Este Real Betis es un equipo que bebe de la sangre chilena y de toda su sabiduría, tanto en el banquillo como en su portería. Un balompié chileno que, pese a mostrar una severa decadencia en los últimos años, sigue contando con claros ejemplos de profesionales históricos como estos dos sobre los que descansa la responsabilidad de entrar en Europa en un club tan exigente como el bético.
Dentro y fuera
- Manuel Pellegrini: fuera de los límites del terreno de juego, este Betis es de Manuel Pellegrini. Y lo es porque el técnico sudamericano ha conseguido revivir a un histórico del fútbol español, firmar una de sus mejores temporadas recientes, volver a encontrar la estabilidad defensa, convertirlo en un conjunto muy difícil de superar, revalorizar al 90% de los elementos de su plantilla, etc.

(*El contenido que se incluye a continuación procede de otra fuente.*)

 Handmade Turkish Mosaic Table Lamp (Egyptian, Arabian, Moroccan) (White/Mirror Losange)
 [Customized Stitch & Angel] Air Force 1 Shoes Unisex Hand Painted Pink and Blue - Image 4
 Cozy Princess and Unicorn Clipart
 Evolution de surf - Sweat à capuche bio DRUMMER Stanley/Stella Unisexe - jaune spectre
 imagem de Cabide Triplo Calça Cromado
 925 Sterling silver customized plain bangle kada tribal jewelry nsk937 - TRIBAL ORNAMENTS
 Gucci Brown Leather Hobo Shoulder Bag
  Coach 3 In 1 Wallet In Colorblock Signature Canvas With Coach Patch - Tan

- Claudio Bravo: dentro es el jardín del portero. El ex de Manchester City o FC Barcelona es uno de los futbolistas más importantes del plantel porque es capaz de detener ocasiones rivales que en otros casos acabarían en tantos en contra, ser el ancla del juego del equipo, la pieza angular de la que parte la creación gracias a su precisión con los envíos con los pies, etc. Pero es que, además, es un líder referencial para todos sus compañeros y la evidente prolongación de las exigencias que Manuel Pellegrini traslada constantemente a sus jugadores.

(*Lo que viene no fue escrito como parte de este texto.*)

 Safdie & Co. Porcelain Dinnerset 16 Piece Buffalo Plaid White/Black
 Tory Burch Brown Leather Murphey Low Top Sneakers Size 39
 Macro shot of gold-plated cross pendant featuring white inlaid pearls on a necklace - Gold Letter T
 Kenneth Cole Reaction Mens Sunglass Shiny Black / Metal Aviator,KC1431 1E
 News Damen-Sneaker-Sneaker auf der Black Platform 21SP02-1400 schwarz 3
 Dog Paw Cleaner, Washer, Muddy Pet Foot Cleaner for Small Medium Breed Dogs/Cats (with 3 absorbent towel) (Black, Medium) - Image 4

Rendimiento, motivación, toma de decisiones, nivel. El Real Betis Balompié está en la mano de dos señores de 37 y 67 años, nacidos en Viluco y Santiago de Chile. Por las venas del club corre la sangre más canchera, experimentada y de calidad que ha tenido en los últimos años. Larga vida a esta vertiente chilena del Betis que tantas alegrías están dando a su afición.